Leslie Flynn tells the story of a fellow that was bitten by a rabid dog. He went to the doctor and the physician confirmed his fear, “Man, I’m sorry, but I have bad news. You do have hydrophobia and unfortunately, you’re going to die.” The guy says, “That’s terrible, Doc. Can I have a pen and some paper?” The doc says, “Yeah.” He handed the fellow a pen and some paper and the guy started writing furiously. The doctor thinks, “He must be writing a will or something.” After a few minutes, he finally asked the fellow, “What are you writing?” The guy looked up and said, “I’m making a list of all the people that I plan to bite.”[ii]
I hope you’re not that way. But I understand how easy it is to feel like that bitter man. When somebody hurts you, the knee-jerk reaction is to put that person on your “to be bitten list.” Bitterness takes root in your heart and anger turns to hate.

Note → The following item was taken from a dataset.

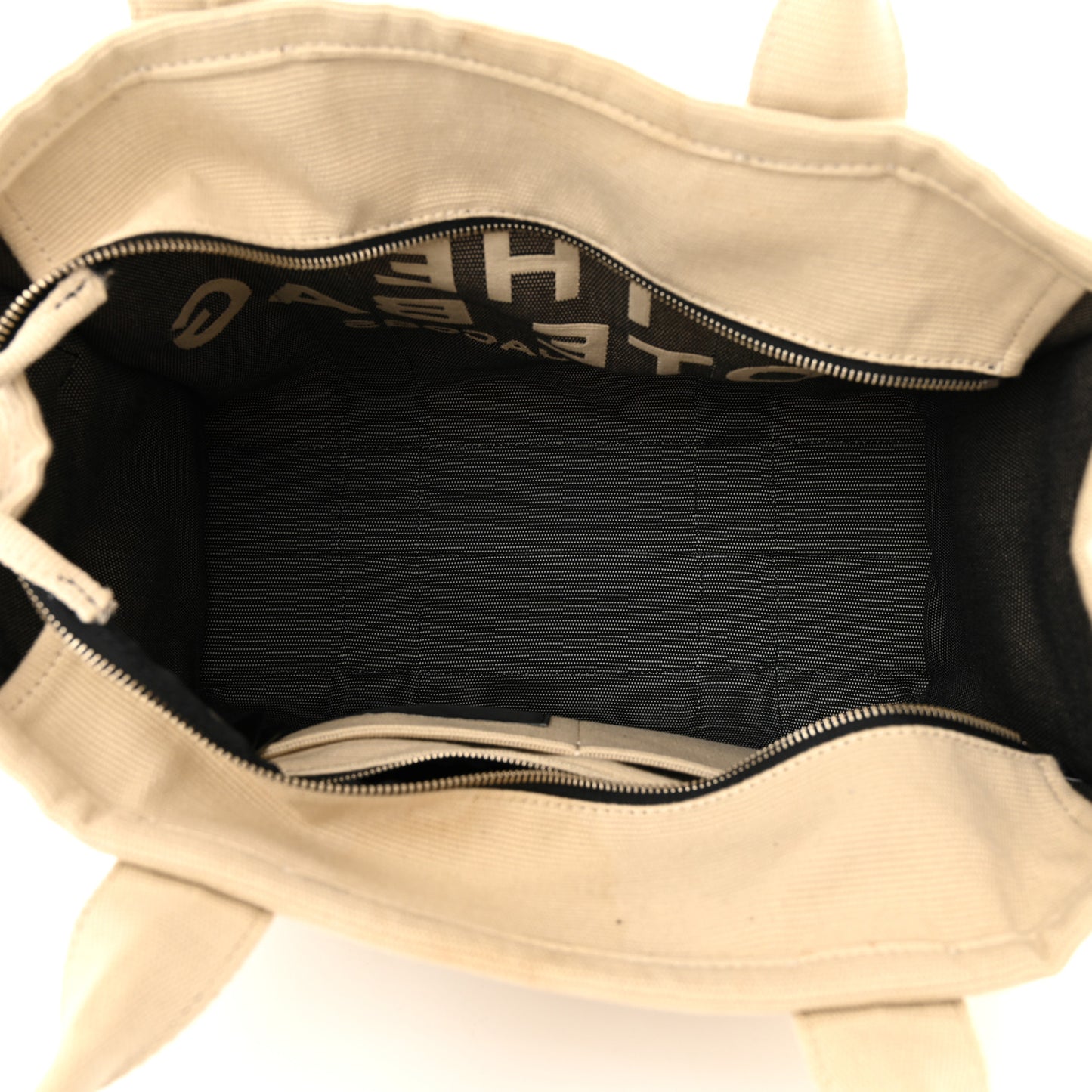 Jacquard Large The Traveler Tote Bag Warm Sand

I have a counselor friend that gives a talk he calls, “The Hate Bus.” He said that we all have a hate bus. As we go through our lives, we tend to load all the people that hurt us onto our bus. My friend says the funny thing about the hate bus is most of the people on your hate bus don’t even know they’re on it. He said that some people even carry dead people on their hate bus. “The only one that you are hurting by driving around a hate bus,” my friend says, “is you. The people that are on it don’t even care.” My friend suggests that we all empty our hate buses and offer grace and forgiveness to those people that hurt us.
The hate bus is a powerful image of bitterness.
After my friend gave the “Hate Bus” talk to my church, several came to me and said, “I don’t have a hate bus; I have a hate tractor trailer.” One said hers was more like a “Hate freight train.”
Bitterness makes us load the hate bus and then it saps us of energy and joy as we haul them around. There are few things more self-destructive than bitterness. Dave Seaman’s said, “Brooding over the hurts and injustices or a broken marriage keeps us bound to the past, and robs us of the spiritual energy and clear thinking we desperately need to cope with the present.”[iii]
One man said, “Bitterness is the only weapon we wield by the blade.”